Saturday, April 10, 2010

Innovation Training

At the "Innovation ACT" launch Thursday night there was mention of a "certificate in commercialisation". This is the ANU Graduate Certificate in Commercialisation (CTS), run by the College of Business and Economics:
The objective of the Graduate Certificate in Commercialisation is to equip students with the skills, knowledge and experience necessary to bring research-based ideas, inventions and innovations to market, and to contribute to Australia’s economic and social and environmental wellbeing through commercial benefits generate from enhanced delivery of innovation research based products and services. ...
Being a certificate, it requires the equivalent of one semester full time study, made up of semester length (13 week) courses (13 weeks) and intensive (7-10 week) units.

The course consists of:

The most interesting part of this is "Entrepreneurship and New Venture Planning":

Entrepreneurship and New Venture Planning introduces students to the process of identifying new business opportunities, researching and writing a business plan around those opportunities.

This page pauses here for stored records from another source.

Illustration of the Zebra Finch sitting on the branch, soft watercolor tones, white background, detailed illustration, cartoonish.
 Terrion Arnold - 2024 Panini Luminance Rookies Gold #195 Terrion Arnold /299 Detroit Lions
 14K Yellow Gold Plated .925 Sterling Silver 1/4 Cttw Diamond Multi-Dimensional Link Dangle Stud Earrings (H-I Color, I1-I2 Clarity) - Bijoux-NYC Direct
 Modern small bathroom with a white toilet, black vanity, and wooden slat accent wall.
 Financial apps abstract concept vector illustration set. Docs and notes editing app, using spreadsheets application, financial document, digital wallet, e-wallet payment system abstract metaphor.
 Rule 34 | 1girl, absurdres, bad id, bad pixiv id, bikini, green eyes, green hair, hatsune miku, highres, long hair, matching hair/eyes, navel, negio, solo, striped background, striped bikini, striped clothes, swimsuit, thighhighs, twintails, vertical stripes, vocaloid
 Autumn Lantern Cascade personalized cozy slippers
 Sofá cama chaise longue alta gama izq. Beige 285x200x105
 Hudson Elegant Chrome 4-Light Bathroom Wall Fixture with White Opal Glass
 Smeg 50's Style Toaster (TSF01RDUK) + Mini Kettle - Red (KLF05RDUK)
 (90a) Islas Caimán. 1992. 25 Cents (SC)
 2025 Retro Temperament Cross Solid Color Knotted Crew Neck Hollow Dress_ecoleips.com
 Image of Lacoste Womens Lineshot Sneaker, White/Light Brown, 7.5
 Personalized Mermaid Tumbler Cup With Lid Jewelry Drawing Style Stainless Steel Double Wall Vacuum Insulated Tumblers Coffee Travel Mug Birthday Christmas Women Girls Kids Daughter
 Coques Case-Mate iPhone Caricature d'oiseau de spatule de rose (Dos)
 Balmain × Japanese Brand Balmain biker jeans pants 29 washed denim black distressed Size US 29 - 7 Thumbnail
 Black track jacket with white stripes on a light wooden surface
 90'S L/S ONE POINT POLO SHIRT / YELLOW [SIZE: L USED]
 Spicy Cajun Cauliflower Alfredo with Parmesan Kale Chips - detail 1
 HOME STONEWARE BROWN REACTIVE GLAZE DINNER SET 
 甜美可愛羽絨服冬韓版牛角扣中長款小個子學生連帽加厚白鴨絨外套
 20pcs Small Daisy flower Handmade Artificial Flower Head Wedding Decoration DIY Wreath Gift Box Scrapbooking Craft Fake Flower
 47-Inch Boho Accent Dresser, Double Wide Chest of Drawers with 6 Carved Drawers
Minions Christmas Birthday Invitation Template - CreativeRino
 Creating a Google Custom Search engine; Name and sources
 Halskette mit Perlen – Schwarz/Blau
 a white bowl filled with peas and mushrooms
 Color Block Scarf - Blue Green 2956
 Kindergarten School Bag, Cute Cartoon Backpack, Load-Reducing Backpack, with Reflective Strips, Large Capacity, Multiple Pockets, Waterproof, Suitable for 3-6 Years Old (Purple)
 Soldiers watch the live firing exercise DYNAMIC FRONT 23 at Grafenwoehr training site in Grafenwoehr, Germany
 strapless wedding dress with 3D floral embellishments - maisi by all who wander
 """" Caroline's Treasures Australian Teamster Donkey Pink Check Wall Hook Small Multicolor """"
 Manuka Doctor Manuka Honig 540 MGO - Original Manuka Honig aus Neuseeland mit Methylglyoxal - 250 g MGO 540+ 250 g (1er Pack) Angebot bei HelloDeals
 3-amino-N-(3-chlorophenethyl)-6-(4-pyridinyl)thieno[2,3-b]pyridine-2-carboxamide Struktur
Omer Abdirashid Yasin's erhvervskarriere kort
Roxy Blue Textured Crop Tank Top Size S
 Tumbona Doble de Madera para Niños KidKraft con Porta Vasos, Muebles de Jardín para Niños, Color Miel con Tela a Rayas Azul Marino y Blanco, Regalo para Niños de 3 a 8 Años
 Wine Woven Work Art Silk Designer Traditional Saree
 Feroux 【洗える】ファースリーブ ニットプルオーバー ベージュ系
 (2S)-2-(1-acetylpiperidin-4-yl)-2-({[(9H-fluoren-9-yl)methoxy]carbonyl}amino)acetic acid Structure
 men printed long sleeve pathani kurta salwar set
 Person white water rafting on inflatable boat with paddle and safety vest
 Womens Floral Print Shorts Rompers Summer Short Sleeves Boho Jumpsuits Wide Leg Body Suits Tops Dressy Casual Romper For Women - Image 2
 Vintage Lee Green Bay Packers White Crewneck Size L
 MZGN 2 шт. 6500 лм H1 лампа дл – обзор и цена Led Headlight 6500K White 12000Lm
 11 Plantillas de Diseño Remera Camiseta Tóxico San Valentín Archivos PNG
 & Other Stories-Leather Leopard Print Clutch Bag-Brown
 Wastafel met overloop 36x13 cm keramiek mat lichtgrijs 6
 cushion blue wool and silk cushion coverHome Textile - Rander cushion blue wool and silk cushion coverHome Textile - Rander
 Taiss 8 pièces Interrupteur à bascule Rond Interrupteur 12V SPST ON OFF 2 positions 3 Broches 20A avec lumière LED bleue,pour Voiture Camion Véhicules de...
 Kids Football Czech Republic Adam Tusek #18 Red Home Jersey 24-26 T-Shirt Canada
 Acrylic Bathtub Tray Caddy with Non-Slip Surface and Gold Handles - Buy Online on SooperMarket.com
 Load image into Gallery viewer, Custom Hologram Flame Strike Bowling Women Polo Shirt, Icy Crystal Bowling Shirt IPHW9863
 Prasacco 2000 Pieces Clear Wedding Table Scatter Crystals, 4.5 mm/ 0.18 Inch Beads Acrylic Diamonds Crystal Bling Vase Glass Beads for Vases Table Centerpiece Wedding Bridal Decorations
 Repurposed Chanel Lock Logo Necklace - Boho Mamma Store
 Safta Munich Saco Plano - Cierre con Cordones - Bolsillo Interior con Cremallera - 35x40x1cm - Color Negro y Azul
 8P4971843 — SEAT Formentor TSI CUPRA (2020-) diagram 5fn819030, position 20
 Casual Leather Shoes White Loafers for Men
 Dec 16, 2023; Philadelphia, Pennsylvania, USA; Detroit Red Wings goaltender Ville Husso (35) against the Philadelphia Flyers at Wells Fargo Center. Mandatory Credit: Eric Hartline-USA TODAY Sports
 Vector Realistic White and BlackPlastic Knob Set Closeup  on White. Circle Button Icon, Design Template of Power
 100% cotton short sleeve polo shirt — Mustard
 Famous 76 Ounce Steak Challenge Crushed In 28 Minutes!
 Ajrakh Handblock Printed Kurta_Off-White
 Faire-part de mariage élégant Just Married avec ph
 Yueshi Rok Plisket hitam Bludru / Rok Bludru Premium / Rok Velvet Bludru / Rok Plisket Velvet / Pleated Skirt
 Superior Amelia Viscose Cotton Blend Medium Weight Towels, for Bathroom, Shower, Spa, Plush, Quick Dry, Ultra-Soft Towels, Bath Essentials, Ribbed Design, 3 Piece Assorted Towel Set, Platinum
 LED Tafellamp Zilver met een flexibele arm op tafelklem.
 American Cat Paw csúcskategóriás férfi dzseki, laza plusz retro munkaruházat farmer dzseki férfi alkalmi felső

The students also make an oral presentation of their business plan to an examiners panel – representing hypothetical investors. The students also prepare a personal learning report which reviews how the course has added to their understanding of general management issues. The course gives students practice in managing a group project over an extended timeframe and requires them to draw on all of the core disciplines of management – new concept development, marketing, financing, organisational development and strategy. In this way, the course integrates the learning delivered in specialised courses on these and other management disciplines. The course commences with a series of classroom lectures on principals and processes in opportunity identification, entrepreneurship and business planning. The lectures are reinforced with progress workshops where the students review the work they are doing on their plans with a faculty mentor.

This fits well with the Innovation ACT program, where teams progress a real projects trough stages.

There is some government funding government funding for the program which students can apply for ( Commonwealth Supported Places CSP).

There are a few limitations with the certificate. It appears to be designed for, and only available to, PhD and Masters by Research students at ANU. So postgraduate students doing coursework, including those doing my Green IT Strategies course could not do the certificate. Also there is no distance education e-learning option offered, so students are limited to being at the ANU campus in Canberra.